Problem statement: Look through the data below for the line with "Kaohsiung, Tayvan - 01" and the line with "Sigurnosni pojas na", then output those two and all lines in between, exactly as written.

Given records:
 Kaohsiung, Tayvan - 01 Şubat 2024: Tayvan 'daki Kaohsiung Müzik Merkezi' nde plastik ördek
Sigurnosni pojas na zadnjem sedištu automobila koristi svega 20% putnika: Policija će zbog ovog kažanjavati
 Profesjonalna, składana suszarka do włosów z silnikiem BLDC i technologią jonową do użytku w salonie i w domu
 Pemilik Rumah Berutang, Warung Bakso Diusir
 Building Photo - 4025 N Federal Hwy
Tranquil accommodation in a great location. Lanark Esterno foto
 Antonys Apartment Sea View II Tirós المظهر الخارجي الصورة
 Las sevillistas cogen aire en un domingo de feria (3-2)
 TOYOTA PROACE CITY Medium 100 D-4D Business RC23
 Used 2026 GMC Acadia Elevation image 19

--

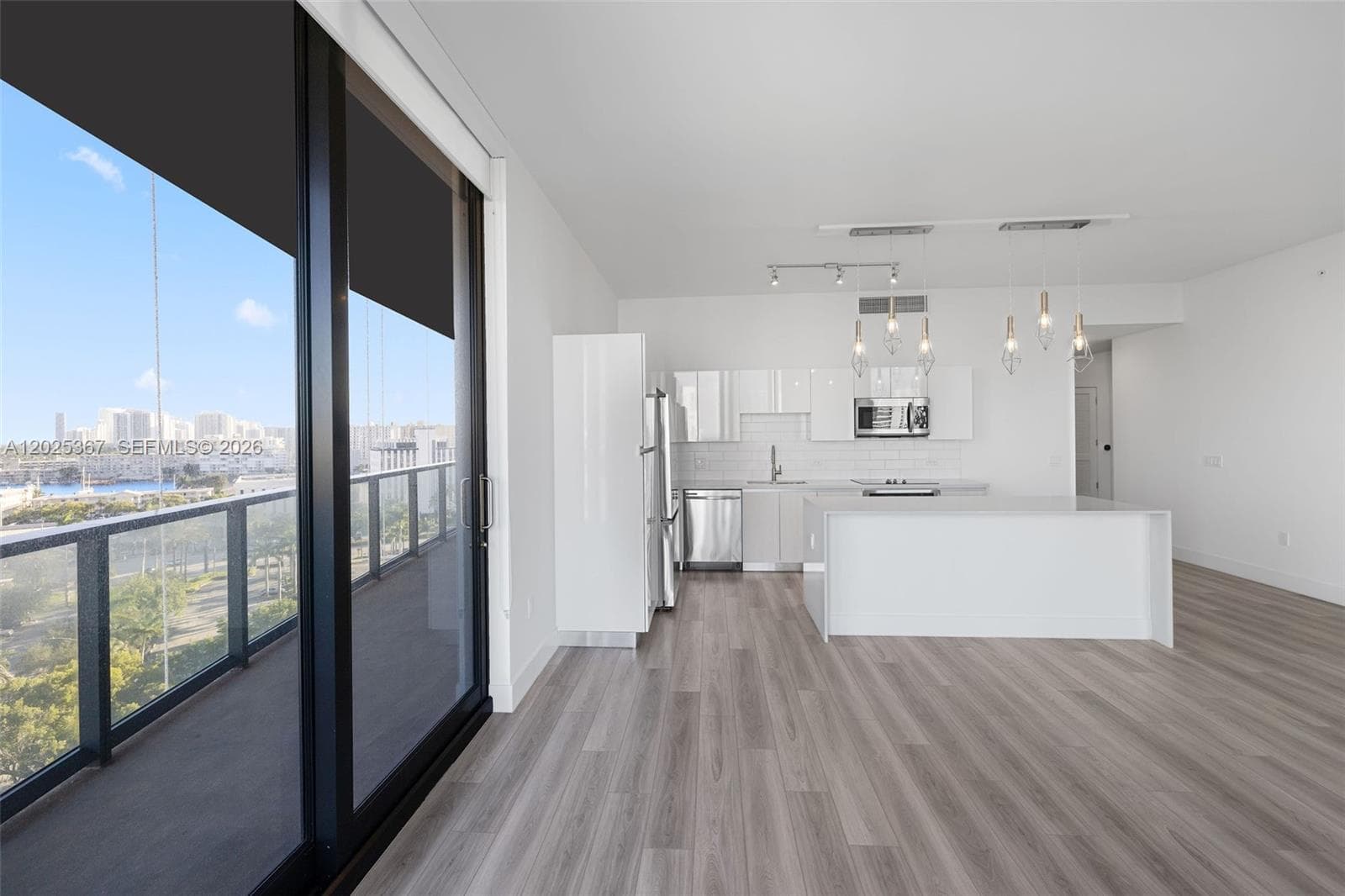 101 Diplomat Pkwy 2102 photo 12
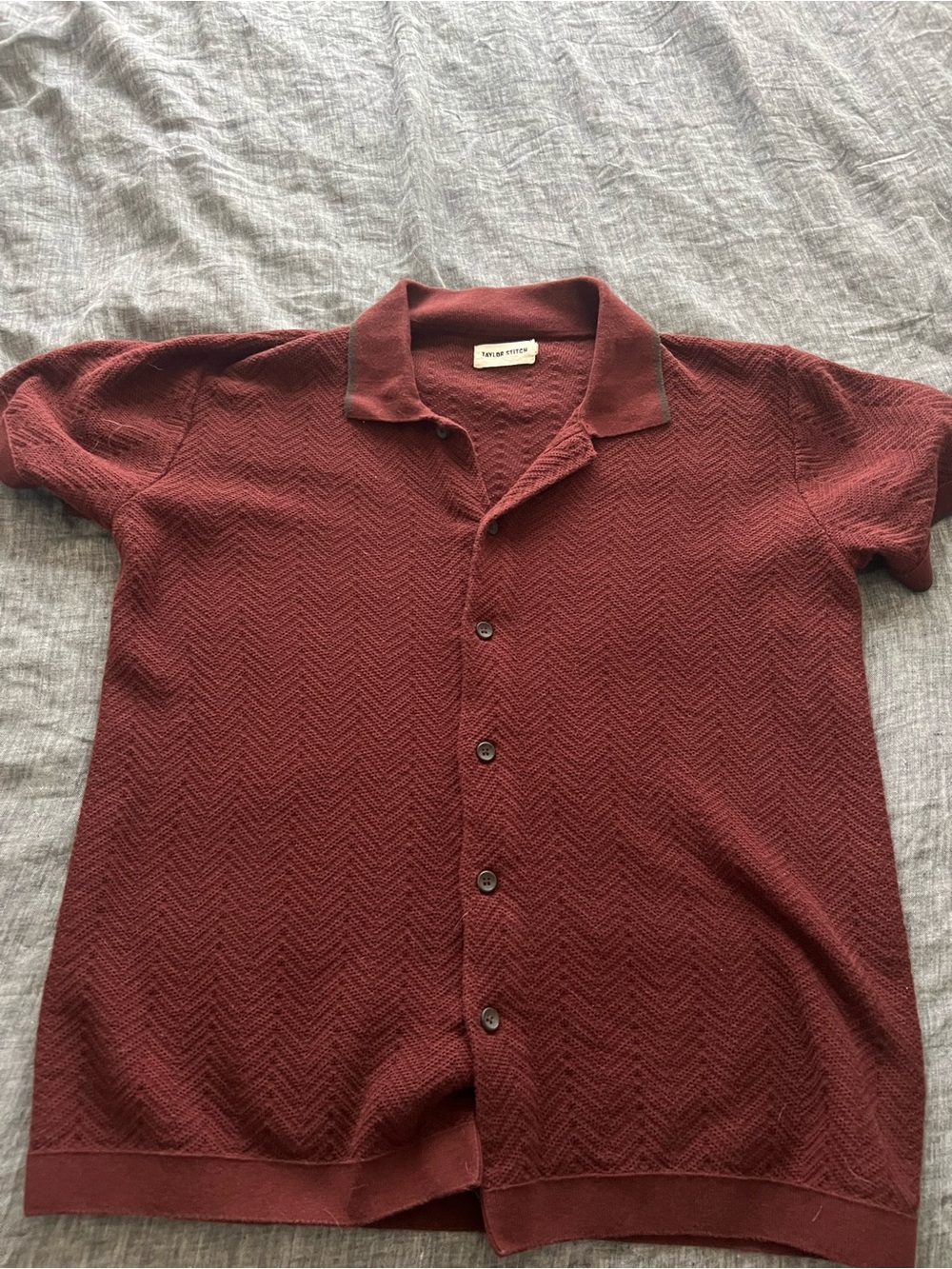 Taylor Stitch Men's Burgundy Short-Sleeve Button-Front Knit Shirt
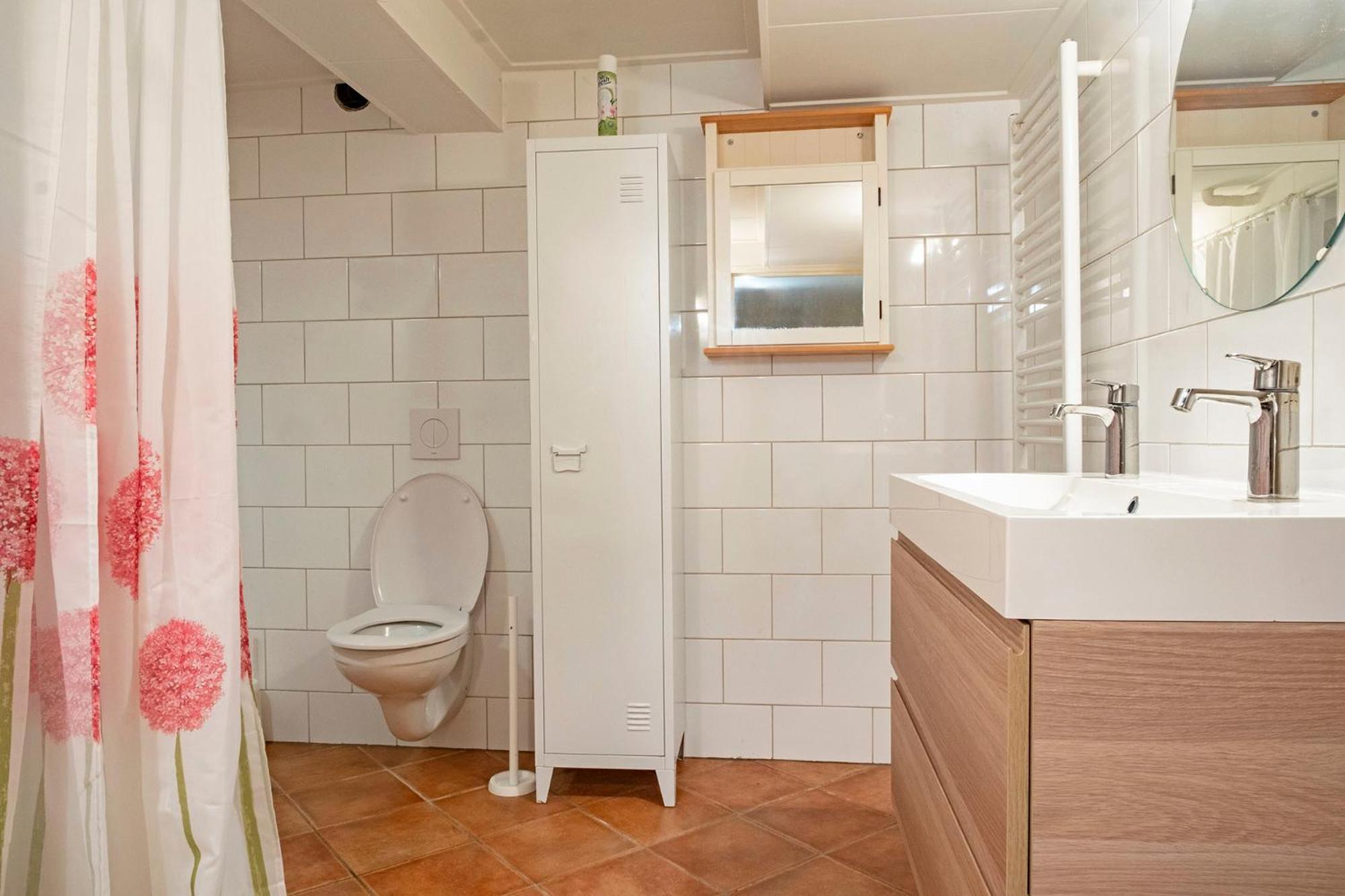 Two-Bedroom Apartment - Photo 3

* * *

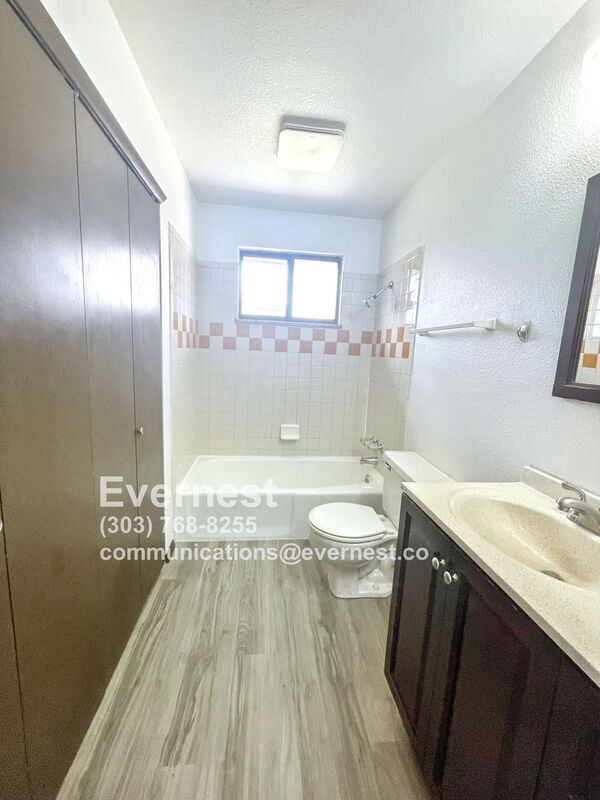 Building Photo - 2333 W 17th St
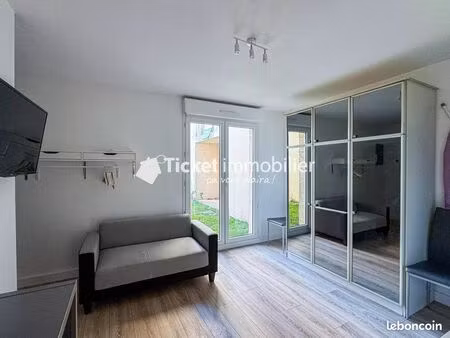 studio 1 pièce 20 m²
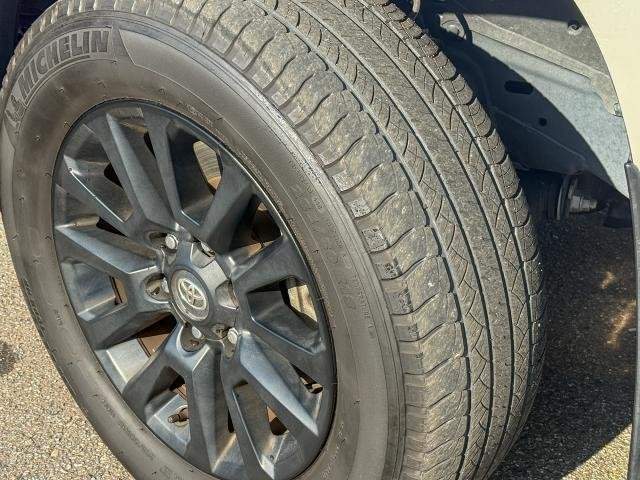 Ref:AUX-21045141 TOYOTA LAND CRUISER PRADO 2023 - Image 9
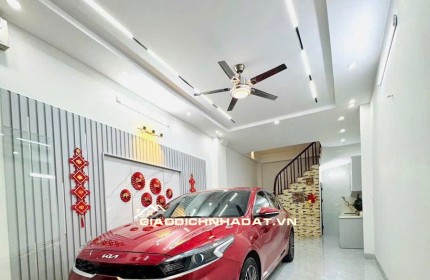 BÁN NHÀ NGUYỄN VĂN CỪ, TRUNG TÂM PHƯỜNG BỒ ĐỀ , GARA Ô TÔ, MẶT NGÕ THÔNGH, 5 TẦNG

Solution to the problem:
 Kaohsiung, Tayvan - 01 Şubat 2024: Tayvan 'daki Kaohsiung Müzik Merkezi' nde plastik ördek
Sigurnosni pojas na zadnjem sedištu automobila koristi svega 20% putnika: Policija će zbog ovog kažanjavati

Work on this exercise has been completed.